This notation provides a way to describe the behaviour of language model agents (such as ChatGPT, Gemini, or Claude) as functions that take inputs and produce outputs.
G<type>(args…, prompt) = output
Where:
- G represents the agent performing the operation
- optionally specifies the expected output type (e.g.,
<text>,<number>,<filename>) - args… is a variable number of input arguments, which may include text, numbers, images, files, or other data
- prompt is a text instruction that describes what the agent should do, typically referring to the arguments
- output is the result produced by the agent
- Variables are denoted by capital letters (e.g., X, A, B)
- Functions can be nested, with the output of one function serving as an argument to another
- Functions can appear on either side of the equals sign, allowing for "inverse" problems where you solve for an unknown input given a known output
To distinguish between multiple agent function invocations, variants of G may be used following standard mathematical conventions:
- Prime notation: G′(), G″(), G‴()
- Subscript notation: G₁(), G₂(), G₃() (or when subscripts are unavailable: G1(), G2(), G3())
This allows expressions to reference specific sub-computations. For example, one might define G₄() separately, then instruct: "evaluate G₄() and substitute the result into the larger expression."
The mathematical term for replacing a sub-expression with its evaluated result is substitution (the value is "substituted into" the larger expression). In some contexts, this is also called reduction (from lambda calculus) or expansion (when a named definition is replaced by its body).

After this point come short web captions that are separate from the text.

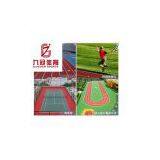 Ethylene-Propylene-Diene Monomer thumbnail-1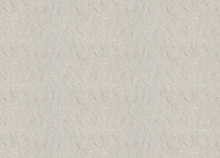 Обои камень в спальню Fipar Marmi Italiani R 24020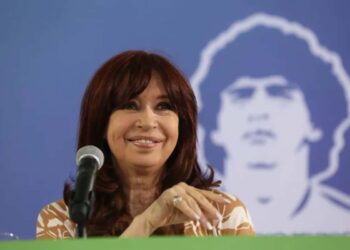 Cristina Kirchner apeló la reapertura de Los Sauces y Hotesur y su hija Florencia quedó definitivamente sobreseída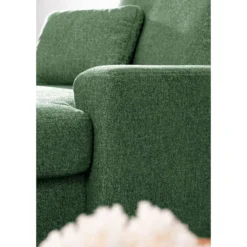 Fauteuil Bergère Rene 24 Fauteuil Bergère Rene -Promos Déco Vestiaire Boutique 1000314872 220721 040 DETAILS P000000001000314872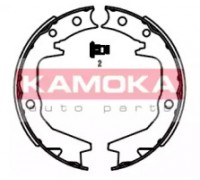 JQ212047 KAMOKA - купить в магазине запчастей по Украине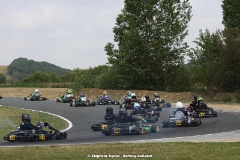 Karting-Sud-2J4A2147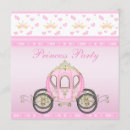 Search for coaching invitations For kids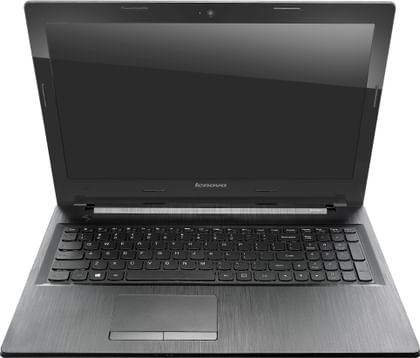 Lenovo G50-70 59-417092 Notebook (4th Gen Ci3/ 2GB/ 500GB/ Win8.1)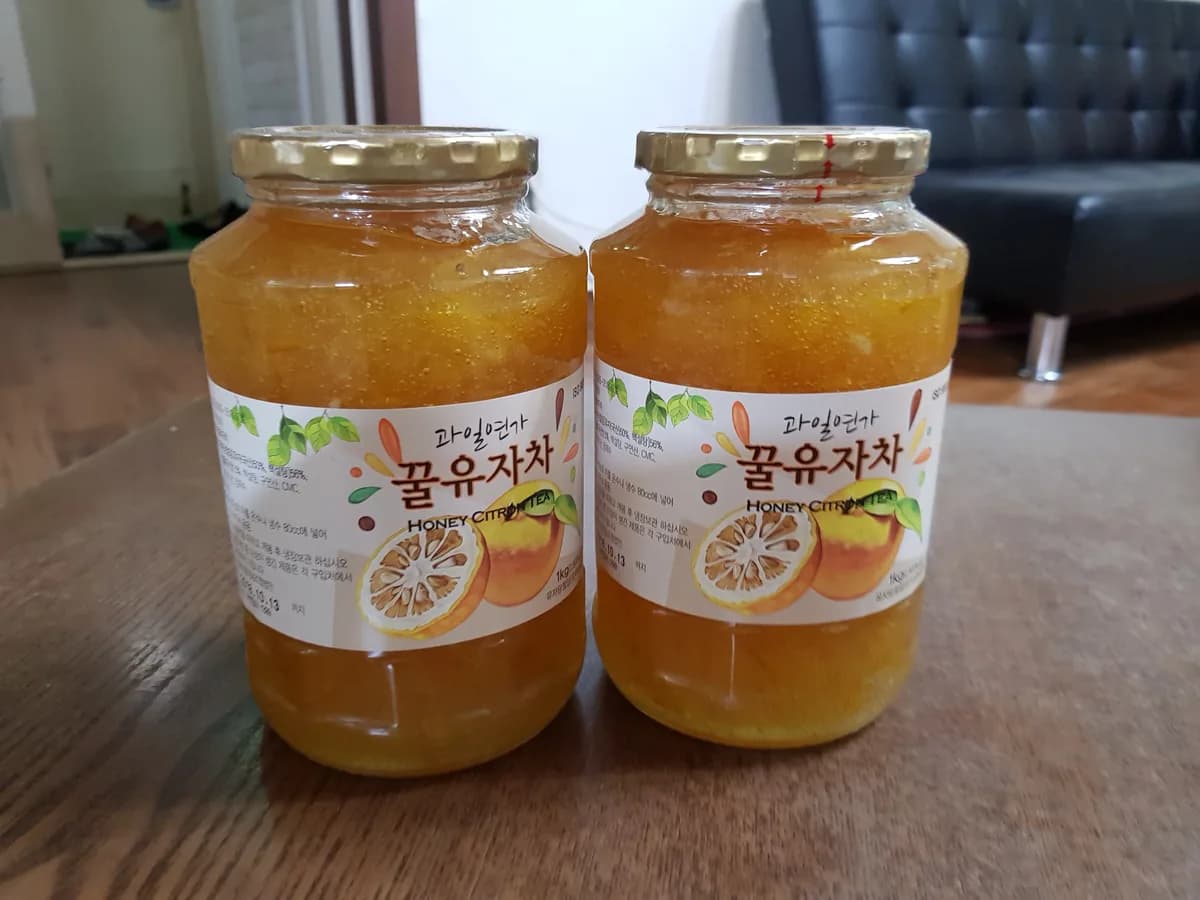 현대홈노인복지지원센터 이미지 4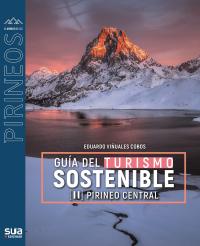 Guía del turismo sostenible II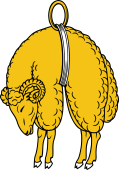 Golden Fleece 1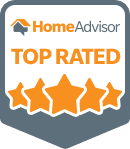 Top Rated Deck Builder in La Plata, MD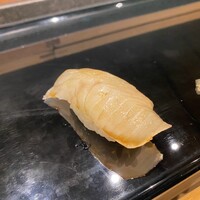 寿司処 「橘」 -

When the output type of a function is <filename>, evaluation produces a file,
and substitution places a reference to that file into the larger expression.
This notation is intentionally loose in two respects:
-
Types are approximate. The
<type>annotation suggests the kind of output expected, but boundaries between types are not rigid. Text containing a number, a number expressed in words, and a numeral are all reasonable interpretations depending on context. -
Argument references are informal. The prompt refers to arguments using natural language (e.g., "the first argument," "the two arguments," "the input") rather than formal parameter names. The agent interprets these references as a human reader would.
G<text>(2, X, "add the two arguments and return the result in words") = "four"
Problem: Find X.
Solution: The prompt instructs the agent to add the two arguments. The output is "four," which represents the number 4. Since the first argument is 2, and 2 + X = 4, we have:
Answer: X = 2
G<text>(
G′<text>(X, "extract the core complaint, ignoring emotional language"),
"suggest a one-sentence empathetic customer service response"
) = "I understand the delay has been frustrating, and I'll personally ensure your order ships today."
Problem: What might X be?
Solution: We work backwards through the nested functions.
The outer function G produces an empathetic customer service response addressing a shipping delay. This means its input—the output of G′—must be something like "the order hasn't shipped" or "there's been a delay with shipping."
G′ extracts the core complaint from X while ignoring emotional language. So X must be a complaint about shipping delays, likely expressed with frustration or anger.
Answer: A plausible value for X is:
"This is absolutely ridiculous! I ordered this THREE WEEKS ago and it still hasn't shipped?! What kind of operation are you running?!"
Other phrasings that convey a shipping delay complaint would also be valid.